The crown region — sometimes referred to as the “vertex” or the “bald spot” in the back — is an area commonly affected by male pattern hair loss (androgenic alopecia). Because of this, patients often seek hair transplantation in this region. In fact, it’s one of the most common requests we receive during consultations. I’ll often hear patients say: “I can’t stand the ‘bald spot’ in the back; it reminds me of my grandfather’s bald spot; please fix it!” Seems simple, right? This is an area affected by male pattern hair loss and — therefore — can be treated with hair transplants; so why ask if patients should do crown hair transplants?
Well, because there are a number of things all patients must consider — and discuss with their doctor — before undergoing hair transplantation in the crown:
Are you thinning in other areas of the scalp?
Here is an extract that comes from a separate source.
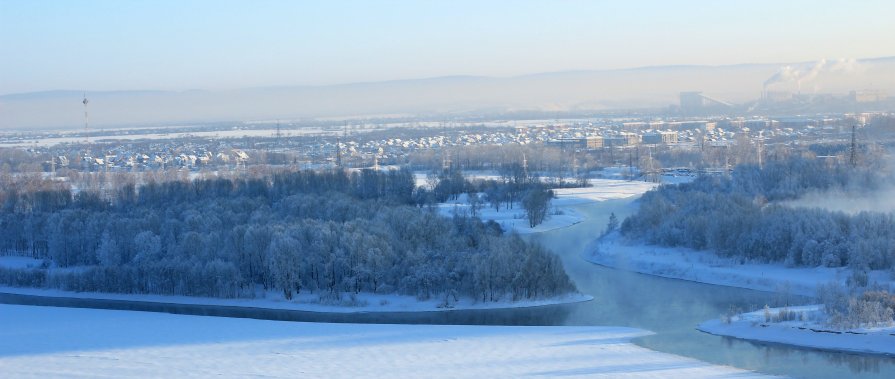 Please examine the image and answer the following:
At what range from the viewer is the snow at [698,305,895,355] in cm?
1464

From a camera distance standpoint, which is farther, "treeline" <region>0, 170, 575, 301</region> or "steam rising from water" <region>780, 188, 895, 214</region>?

Although the crown is important for a lot of patients, it’s generally a less “cosmetically significant” area as far as surgery is concerned. In comparison to highly visible regions like the hairline and frontal scalp, the crown isn’t overly noticeable in most normal scenarios. Thankfully it’s up very high on the scalp and located near the back of the head, so most people don’t really see it. The same can’t be said about the hairline or frontal scalp. So if you are thinning in this region as well, it is likely a good idea to address these regions before attempting to do the crown. Even if you’re looking to undergo a mega-session to address both at once, it is usually better to start in the front and work back to the crown. That way if you do run out of grafts, the hairline, frontal scalp, and mid-scalp regions — which are more visible — are done first. But why does this matter? Why can’t all of it be done at once or why can’t the crown (back) be done first? Well …
How much donor area do you have available for transplanting?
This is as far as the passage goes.